Quest’oggi, dopo vent’anni, è finita la latitanza del boss Ernesto Fazzalari, il latitante più ricercato d’Italia dopo Matteo Messina Denaro.
La notizia è stata annunciata sui social dal premier Matteo Renzi prima ancora che dai carabinieri. Boss dell’omonimo clan di ‘ndrangheta, radicato tra Taurianova, Amato e San Martino di Taurianova nella Piana di Gioia Tauro, Fazzalari, 46 anni, è stato sorpreso ieri notte in un caseggiato nelle campagne di Molochio, sull’Aspromonte, non lontano dal suo feudo. A stringergli le manette ai polsi sono stati i Carabinieri del Comando Provinciale di Reggio Calabria, insieme ai militari del Gruppo Intervento Speciale e dello Squadrone Cacciatori Calabria.

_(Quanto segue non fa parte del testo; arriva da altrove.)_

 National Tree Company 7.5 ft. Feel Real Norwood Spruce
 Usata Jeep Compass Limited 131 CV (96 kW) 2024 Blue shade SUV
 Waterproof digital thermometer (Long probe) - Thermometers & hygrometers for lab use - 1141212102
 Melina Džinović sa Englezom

Sorpreso dall’irruzione, Fazzalari non ha opposto resistenza, ha dichiarato le proprie generalità e si è fatto ammanettare. Insieme a lui è stata arrestata una donna di 41 anni, accusata di procurata inosservanza di pena, concorso in detenzione di arma comune da sparo e ricettazione. Nel casolare, i carabinieri hanno infatti trovato una pistola con matricola abrasa, ma anche altro materiale ritenuto di interesse e suscettibile di ulteriori approfondimenti investigativi.

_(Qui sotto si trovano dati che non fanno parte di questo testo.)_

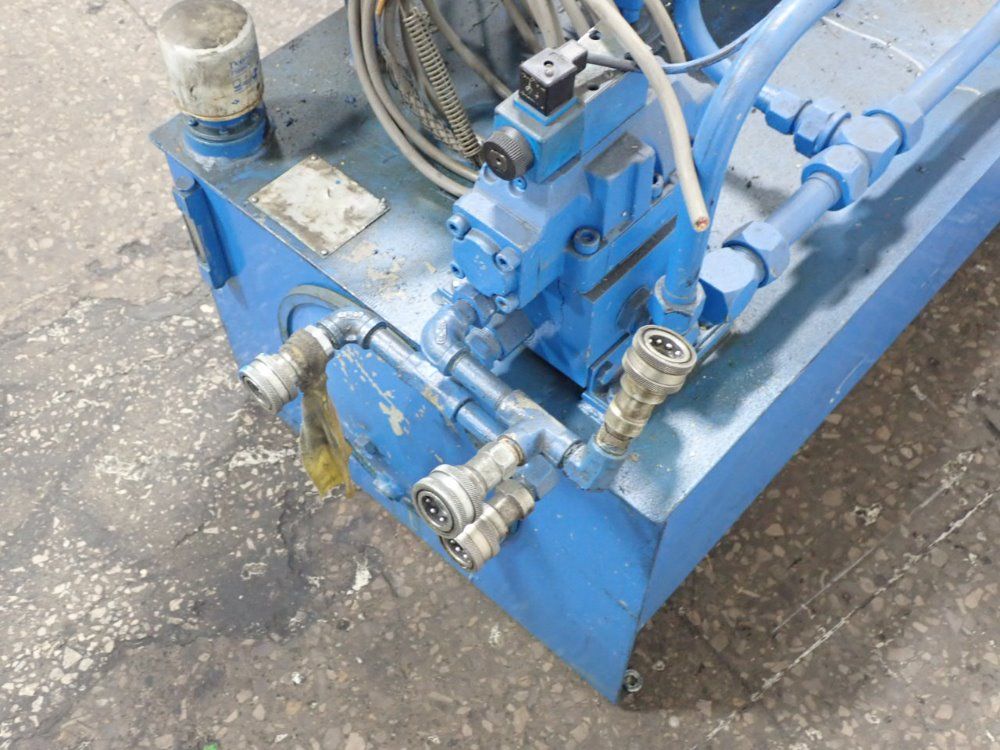 Schem Tex Hydraulinc Unit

Accusato di associazione per delinquere di tipo mafioso, omicidio, porto e detenzione illegale di armi ed altri reati, il giovane boss si è dato alla latitanza nel 1996, quando i pm di Reggio Calabria ne hanno chiesto l’arresto nell’ambito dell’operazione Taurus, che ha fatto luce sulla faida di Taurianova fra gli Asciutto-Neri-Grimaldi e Fazzalari –Crea- Viola.

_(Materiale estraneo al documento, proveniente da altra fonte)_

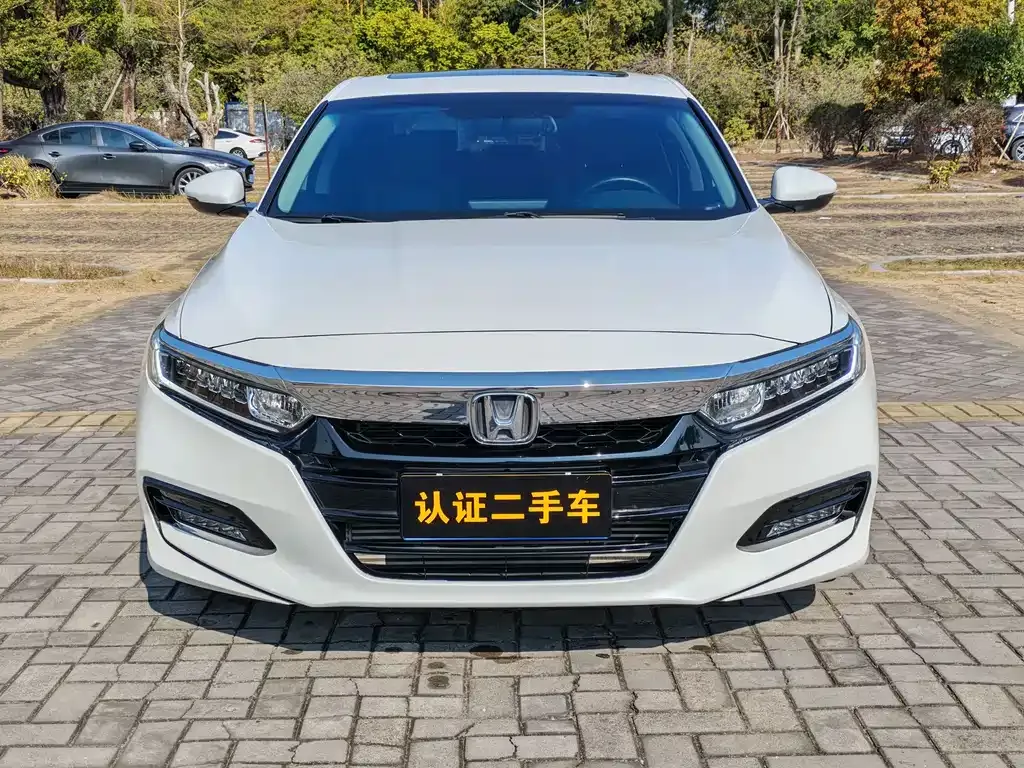 Honda Accord 2021 из CN, фото 8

Lo scontro fra i due storici clan della zona, che ha tenuto banco tra le mura del paesino della piana di Gioia Tauro per più di tre anni agli inizi degli anni ’90, è balzato agli onori della cronaca per l’efferatezza delle esecuzioni. Al capo dei Grimaldi, ucciso insieme al fratello, fu mozzata la testa, quindi lanciata per aria e presa a fucilate
Inoltre, il 3 maggio del 91, quello che fu denominato il venerdì nero di Taurianova, ha segnato il punto di non ritorno. Per vendicare la morte del boss Rocco Zagari, in un solo giorno vengono trucidate quattro persone. Il primo è il ventinovenne Pasquale Sorrento, falciato da diciannove colpi di lupara, l’ultimo il trentaseienne Rocco La Ficara. In mezzo, c’è il duplice omicidio dei fratelli Giovanni e Giuseppe Grimaldi, uno dei più brutali che la ‘ndrangheta abbia mai firmato. I due sono stati raggiunti in pieno giorno, di fronte all’ufficio postale del paese, di fronte a una ventina di persone. Giovanni è morto subito. Giuseppe ha tentato invano di difendersi. Uno sgarbo cui i sicari hanno risposto decapitandolo con il suo stesso coltello. La sua testa – hanno raccontato all’epoca i presenti – è stata lanciata in aria da uno dei killer come una palla di pezza, mentre l’altro ha preso la mira ed ha sparato. Per gli inquirenti, a firmare quel brutale omicidio è stato proprio Ernesto Fazzalari. Un’accusa che non ha retto alla prova del giudizio Taurus, che tuttavia è costato al giovane boss una condanna definitiva all’ergastolo per due omicidi e due tentati omicidi.
Era uno “che sparava come un pazzo” dicono di lui i collaboratori di giustizia, che ricordano con terrore la fredda precisione di quel mancino di poco più di vent’anni, divenuto rapidamente il sicario di riferimento del suo clan.
Nonostante la latitanza, il boss non ha mai perso il suo potere. E proprio la sua lunga latitanza, in una terra in cui la presenza della ‘ndrangheta è notoriamente comprnetrata, Fazzalari rende palpabile l’estensione e lo spessore del suo potere.
Una cattura importante quella del boss che concorre a ristabilire la sovranità dello Stato in un territorio che i latitanti hanno strappato allo Stato.